La France vient de vivre un épisode particulièrement choquant, qui signe un tournant dans l’évolution des formes de terrorisme qui la menacent. Le déchaînement de Yassin Salhi, auteur d’une attaque sans précédent contre l’usine de Saint-Quentin-Fallavier, s’inscrit dans une dérive qui fait de la mise en scène macabre un instrument d’action dont on redoute désormais les prochains développements. L’effet produit par Salhi tient moins aux dommages collectifs qu’il a causés, cette fois-là miraculeusement limités, qu’au caractère extrêmement sanguinaire de l’exécution de son employeur, Hervé Cornara, sauvagement assassiné et décapité.

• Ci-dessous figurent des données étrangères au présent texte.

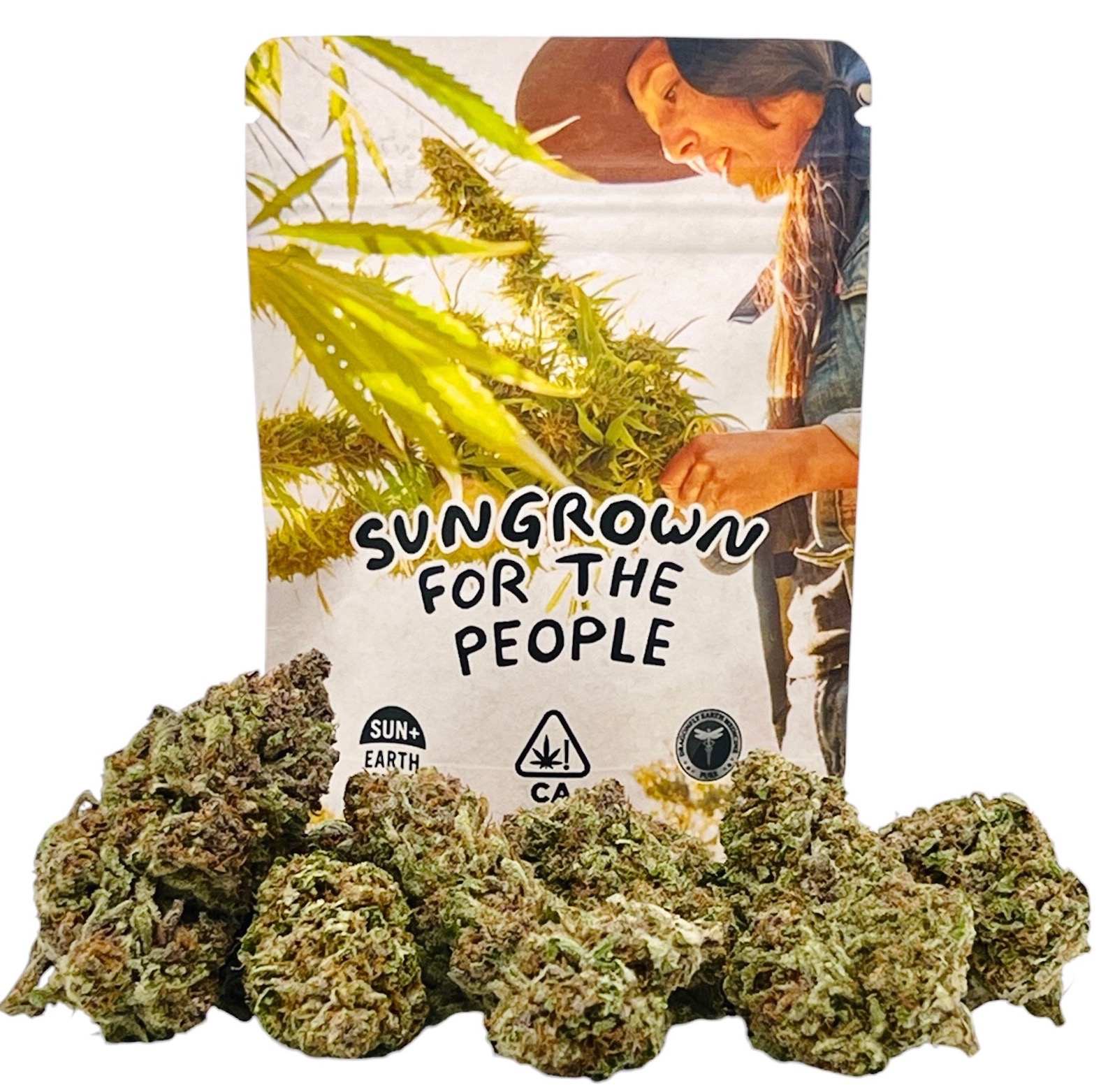 Moon Made Farms sungrown cannabis flower with packaging labeled “Sungrown for the People.”
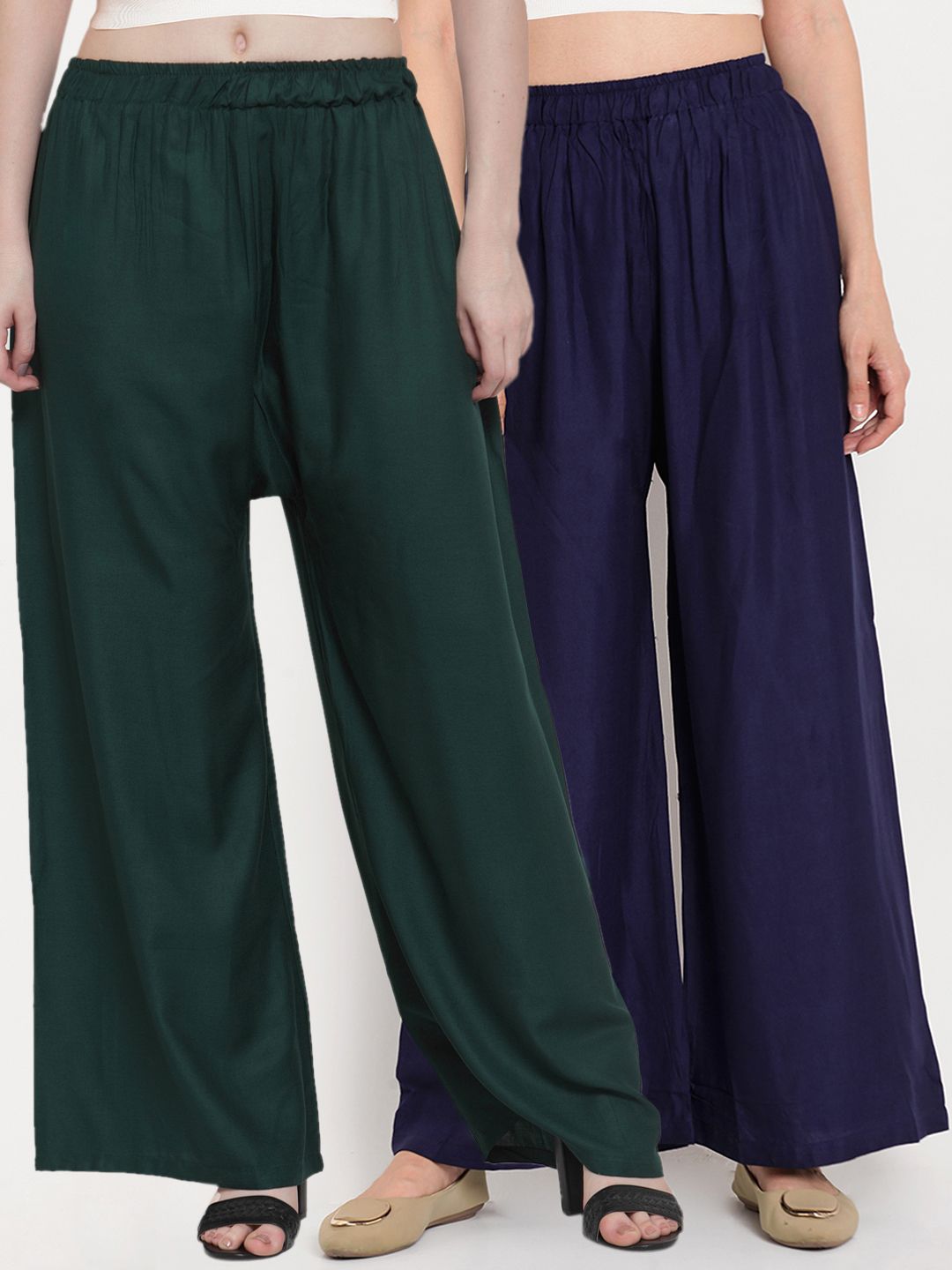 TAG 7 Women Pack of 2 Solid Flared Palazzos - Distacart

L’exhibition de la tête de la victime, photographiée et utilisée pour l’envoi d’un selfie en Syrie via le Canada, est la preuve accablante d’une gradation destinée à augmenter l’ampleur de l’acte terroriste et à l’affilier aux pratiques de Daech.

Cet attentat ne se définit pas uniquement par la nature de l’objectif choisi. C’est la barbarie qui constitue en elle-même le but du perpétrateur. Ce mélange de psychopathie et de djihadisme porte évidemment la signature de Daech. Mais le cas de Salhi montre que l’on aurait tort de considérer cette force de destruction comme un ennemi extérieur, agissant seulement par le biais d’éléments tapis dans l’ombre de nos sociétés européennes. Le caractère particulièrement abject de la décapitation résulte d’une intériorisation très profonde du crime de sang : c’est par l’édification d’un modèle imitable à tout moment par la pure cruauté, pas seulement par l’ampleur des destructions, que Daech s’incruste dans les têtes de jeunes hommes prêts à tout, comme s’ils avaient abandonné tout leur vécu antérieur dans une sorte d’acte vertueux ultime. En d’autres termes, le corps-à-corps atroce a pour finalité d’atteindre les systèmes démocratiques de manière interne, bien plus qu’externe, ce qui le rend spécialement redoutable. C’est une guerre qui utilise l’individu et ses libertés fondamentales, apanage des sociétés occidentales, pour frapper le stade collectif et déstabiliser les nations. Contrairement aux apparences, cette idéologie est sophistiquée ; elle repose sur la décérébration et le besoin de rattachement du  » perdant radical « , selon l’expression très juste de l’écrivain allemand Hans Magnus Enzensberger. Elle enrôle précisément des esprits faibles, qui se présentent sous des dehors normaux tout en dissimulant une intention haineuse au plus haut degré, profils a priori indécelables. Daech recrute, à l’inverse d’Al-Qaeda, non pas des combattants qui se cachent dans les vallées afghanes ou dans le Sahara, mais des citoyens qui se rendent à leur travail tous les matins – jusqu’au jour où ils passent à l’action. En photographiant leurs propres exactions, ces derniers rejoignent, sans changer de lieu, les exécutions de masse filmées par Daech au Moyen-Orient ; ils croient ainsi apporter leur pierre à l’héroïsme fanatique et contribuent à montrer à de nouveaux volontaires que le terrorisme de l’ultraviolence est le seul qui puisse rallier à lui toutes les autres formes du combat djihadiste. Daech est une forme d’extrémisme qui se nourrit du nihilisme occidental.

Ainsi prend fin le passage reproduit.